**SUPPLIED INFORMATION:**

---

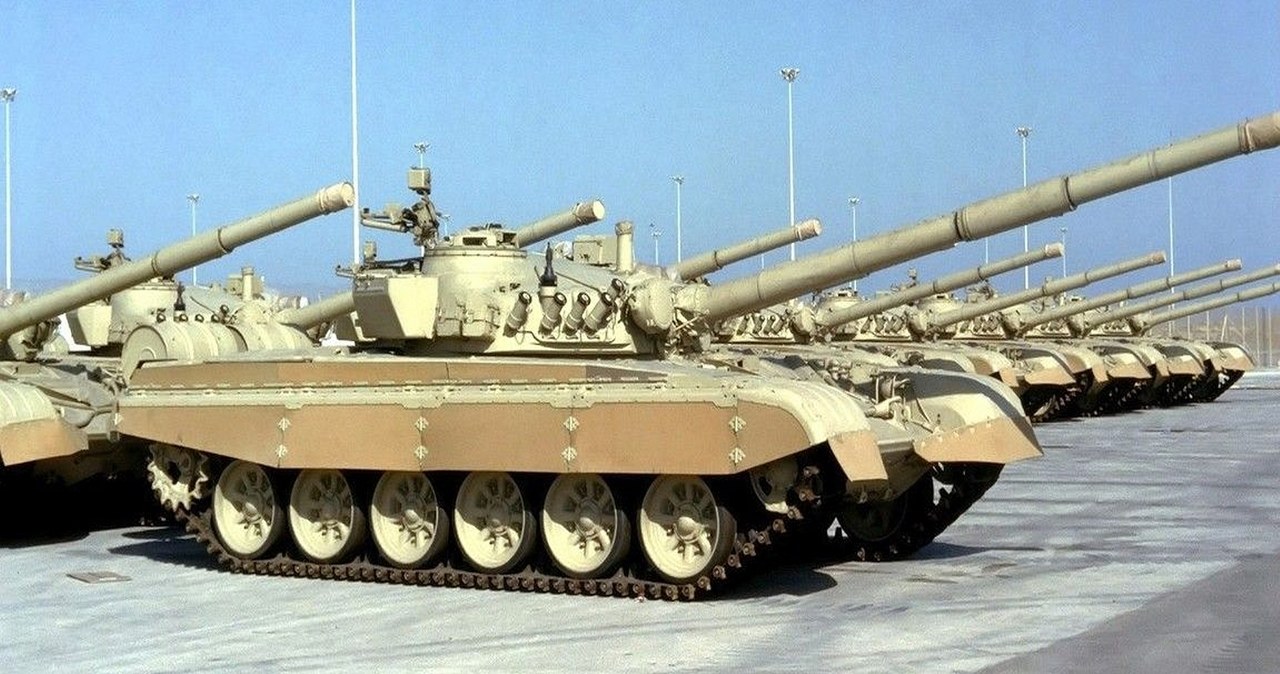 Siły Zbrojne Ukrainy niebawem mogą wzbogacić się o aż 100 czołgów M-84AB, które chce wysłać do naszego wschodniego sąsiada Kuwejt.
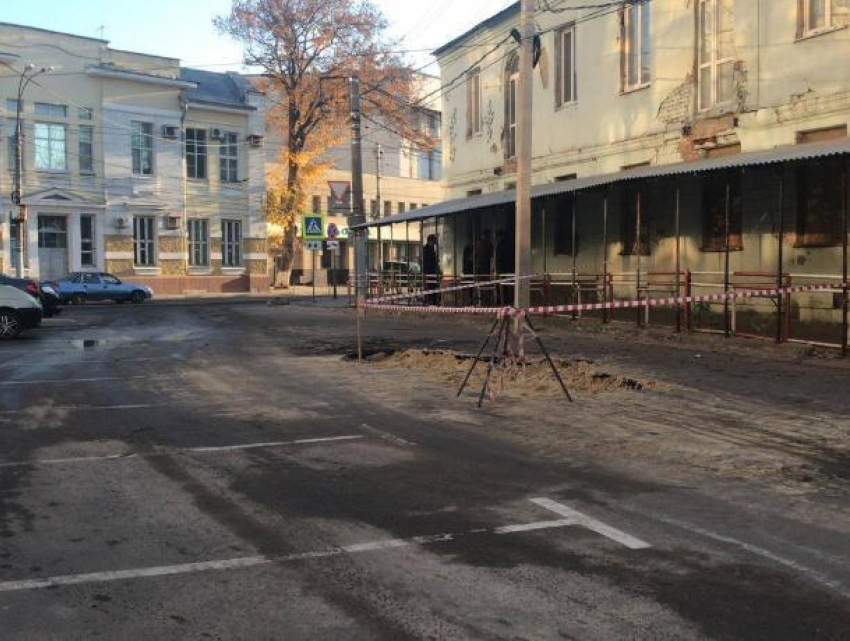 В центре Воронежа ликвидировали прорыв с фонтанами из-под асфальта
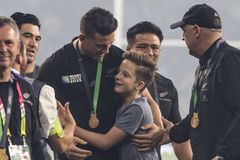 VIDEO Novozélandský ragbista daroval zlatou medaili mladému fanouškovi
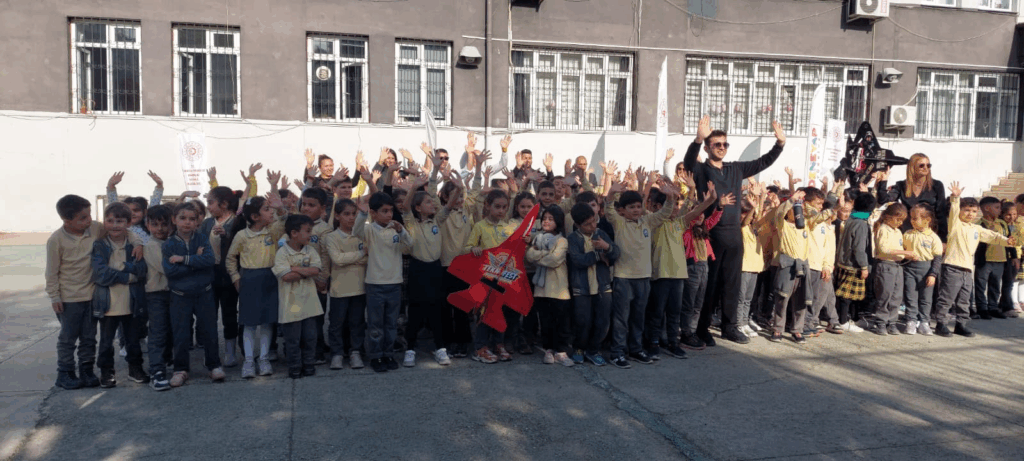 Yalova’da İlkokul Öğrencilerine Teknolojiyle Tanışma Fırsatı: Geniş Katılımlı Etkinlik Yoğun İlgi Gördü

---

**TASK DIRECTIONS:** Wherever a picture appears in the material above, skip it and copy the rest without change.

**EXERCISE OUTPUT:**
 Siły Zbrojne Ukrainy niebawem mogą wzbogacić się o aż 100 czołgów M-84AB, które chce wysłać do naszego wschodniego sąsiada Kuwejt.
 В центре Воронежа ликвидировали прорыв с фонтанами из-под асфальта
 VIDEO Novozélandský ragbista daroval zlatou medaili mladému fanouškovi
 Yalova’da İlkokul Öğrencilerine Teknolojiyle Tanışma Fırsatı: Geniş Katılımlı Etkinlik Yoğun İlgi Gördü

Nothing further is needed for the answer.